In her book, Private Lives, Proper Relations: Regulating Black Intimacy, Candice M. Jenkins writes extensively about “the salvific wish,” — “a desire to protect African American culture and persons against pathologizing stereotypes of sexuality and domesticity… a concern with heteronormative propriety that has dominated the black cultural imaginary and representations of black middle-class life in the twentieth century.” We see this play out all the time. Consider how often the Huxtables are invoked as templates of an idealized black family, or how Obama’s election kicked off a wave of commentary about how the First Family might prompt more people to marry the parents of their children.
The No Wedding No Womb event, in which dozens of bloggers wrote essays lamenting the high number of black children born out of wedlock, is just the latest example of such. Because there are so many different writers involved, it’s hard to really summarize all of the nuance. But the official website is heavy on assertion — there are lots of suggestions that x has led directly to y as if those things are self-evidently true — a lot of which sounds unsettlingly like David Banner‘s notorious quip that positive societal change was predicated on black women closing their legs.
There are reasons besides the push’s barely masked antifeminism to be ambivalent about this whole endeavor.
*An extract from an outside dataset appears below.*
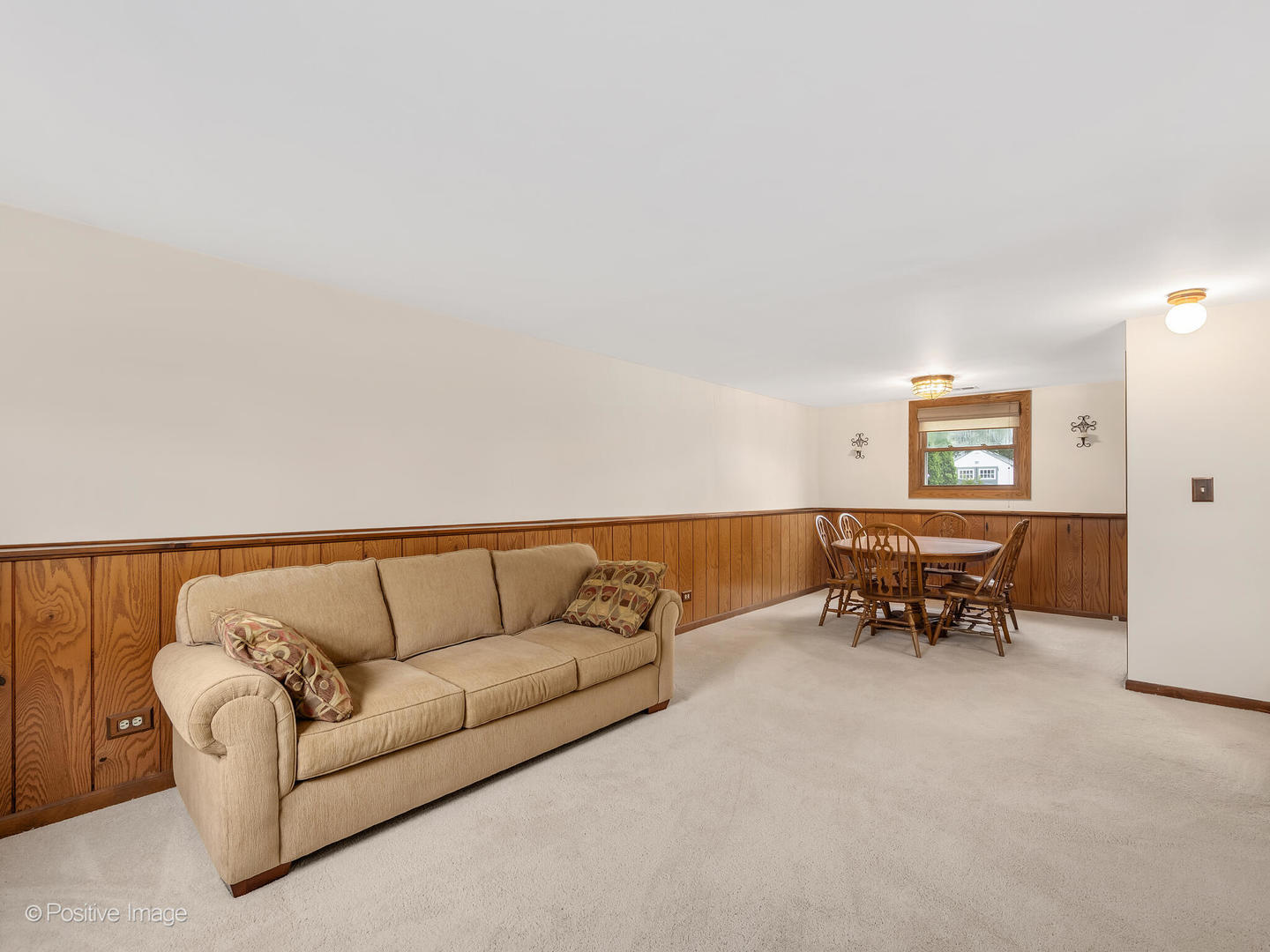 1406 E Elm Street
The movement has the stunty feel of holding funerals for “nigger” or stomping on hip-hop CDs (‘member those?) with explicit lyrics; it’s taken a tricky issue and reduced it to a bunch of folks being showily indignant. As with those media events, the organizers seem to believe that they’re forcing folks to have important but uncomfortable discussions about some pressing social issue. (Let’s leave aside for a moment the fact that these things always spark soul-crushingly stupid discussions.) As Monica said on the podcast a few weeks ago, “culture” is a complex system of responses to a certain environment, of which personal choice is only a part. You can’t really change broad social trends by appealing to people’s feelings; you have to actually change the conditions that inform the calculus by which people make the decisions they make. It’s annoying to have to even say this, but keeping black men out of jail or bringing up high school graduation rates or whatever might actually require more complex solutions than getting enough people to wag their fingers really, really hard.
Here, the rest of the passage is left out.